End-to-End Hypermedia: Choosing a Media Type

So you’ve decided to make the leap and build a hypermedia-rich API. Hopefully, this decision came from necessity and not boredom, but that’s a post for another day.

At this point, you’re presented with a bit of a problem. You have 3 main options for choosing/designing a media type:

  • Pick a standard
  • Design your own
  • Extend a standard

As much as possible, I’d try to go with a standards-based approach. People with much more time on their hands and much more passion for you have thought about these problems for years, and probably have thought about more scenarios than you’re thinking of right now.

Instead of choosing media types in a vacuum, how would one compare the capabilities and intentions of one media type versus another? One way is simply to look at the design goals of a media type. Another is to objectively measure the level of hypermedia support and sophistication of a media type, with H Factor:

The H Factor of a media-type is a measurement of the level of hypermedia support and sophistication of a media-type. H Factor values can be used to compare and contrast media types in order to aid in selecting the proper media-type(s) for your implementation.

H-Factor looks at two types of support, links and control data, and different factors inside those.

For example, HTML supports:

  • Embedding links
  • Outbound links
  • Templated queries (a FORM with GET)
  • Non-idempotent updates (a FORM with POST)
  • Control data for update requests
  • Control data for interface methods (POST vs GET)
  • Control data for links (link relations – rel attribute)

But doesn’t support:

  • Control data for read requests – links can’t contain accept headers, for example
  • Support for idempotent updates – you have to use XHR for PUT/DELETE

With the quantitative and qualitative aspects factored in with client needs, you’ll have what you need to pick a media type. Unless you’ve already decided that this is all way too complex and run back to POJSOs, which is still perfectly acceptable.

Making the choice

There are a *ton* of popular, widely used, hypermedia-rich media types out there:

And probably a dozen others. At this point, just be warned, you’ll probably spend upwards of a week or so to decide which variant you like best based on your client’s needs. You also don’t need to decide a single media type – you can use collection+json for collections of things, and HAL for single entities if you like.
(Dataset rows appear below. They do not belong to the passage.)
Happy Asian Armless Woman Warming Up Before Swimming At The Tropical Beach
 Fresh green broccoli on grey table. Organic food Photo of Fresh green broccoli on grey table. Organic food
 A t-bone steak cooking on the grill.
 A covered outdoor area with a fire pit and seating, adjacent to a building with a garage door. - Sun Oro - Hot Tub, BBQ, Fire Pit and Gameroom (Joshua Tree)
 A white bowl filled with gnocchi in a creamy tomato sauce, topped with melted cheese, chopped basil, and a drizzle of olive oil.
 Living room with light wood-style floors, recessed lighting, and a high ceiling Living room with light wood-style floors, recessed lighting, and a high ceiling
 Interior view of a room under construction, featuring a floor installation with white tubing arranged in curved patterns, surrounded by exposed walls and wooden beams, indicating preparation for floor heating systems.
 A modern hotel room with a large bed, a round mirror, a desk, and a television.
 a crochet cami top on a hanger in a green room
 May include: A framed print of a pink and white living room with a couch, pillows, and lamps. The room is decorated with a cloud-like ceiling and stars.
One other thing I found is no single media type had all the pieces I needed. In my real-world example, I chose collection+json because my client mainly displayed collections of things. Show a table, click an item, then display a single thing with a table of related things. It didn’t need PUT/DELETE support, or some of the other control data. I just needed control data for links and a way to distinguish queries versus forms.